*** Opening Input data ***
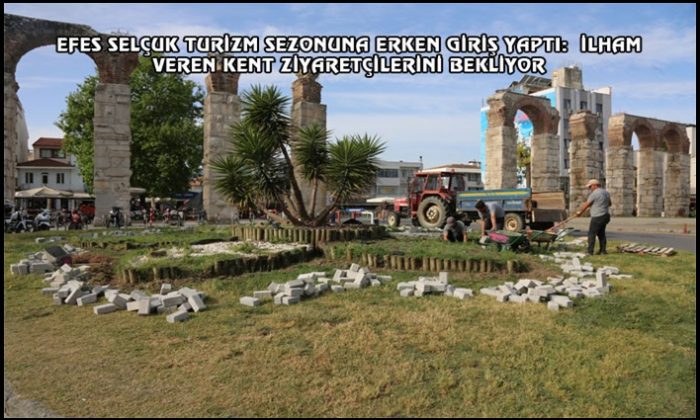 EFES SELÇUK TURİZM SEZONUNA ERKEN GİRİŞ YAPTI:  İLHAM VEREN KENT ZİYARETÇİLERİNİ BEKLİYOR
*** Closing Input data ***
*** Opening Input data ***
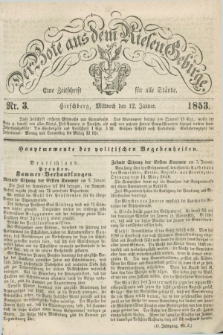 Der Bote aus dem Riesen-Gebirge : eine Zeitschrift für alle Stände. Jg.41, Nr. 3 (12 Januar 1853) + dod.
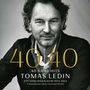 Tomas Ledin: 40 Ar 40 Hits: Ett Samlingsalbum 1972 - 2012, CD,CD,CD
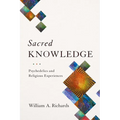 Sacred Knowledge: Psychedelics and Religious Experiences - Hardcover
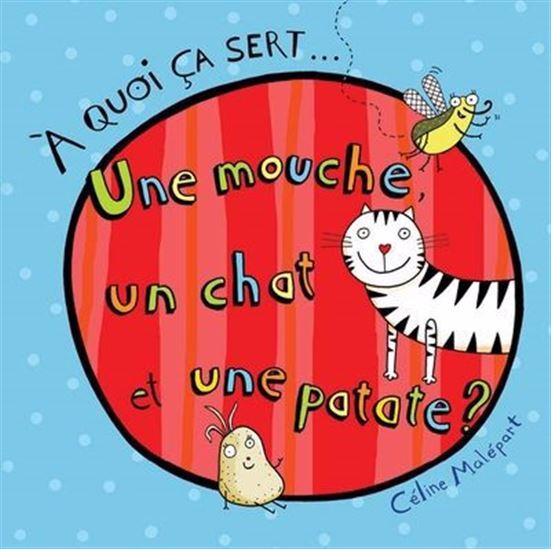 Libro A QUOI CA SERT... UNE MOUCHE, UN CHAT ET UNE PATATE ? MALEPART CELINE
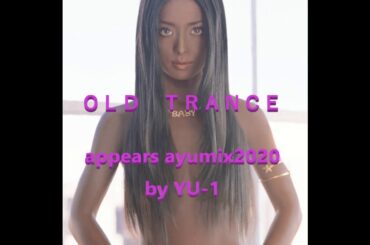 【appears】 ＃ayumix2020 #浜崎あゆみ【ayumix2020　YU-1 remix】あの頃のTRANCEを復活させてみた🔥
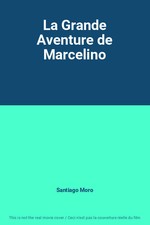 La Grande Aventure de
*** Closing Input data ***
*** Opening Input data ***
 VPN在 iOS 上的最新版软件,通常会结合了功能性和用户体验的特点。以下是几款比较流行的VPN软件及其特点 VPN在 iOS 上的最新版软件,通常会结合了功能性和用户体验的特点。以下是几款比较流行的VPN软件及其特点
*** Closing Input data ***
Assigned task
Only the lines between the one with "Sacred Knowledge: Psychedelics" and the one with "La Grande Aventure de", those two included, get copied from the material above. Keep it exact and free of pictures.

The completed task
 Sacred Knowledge: Psychedelics and Religious Experiences - Hardcover
 Libro A QUOI CA SERT... UNE MOUCHE, UN CHAT ET UNE PATATE ? MALEPART CELINE
 【appears】 ＃ayumix2020 #浜崎あゆみ【ayumix2020　YU-1 remix】あの頃のTRANCEを復活させてみた🔥
 La Grande Aventure de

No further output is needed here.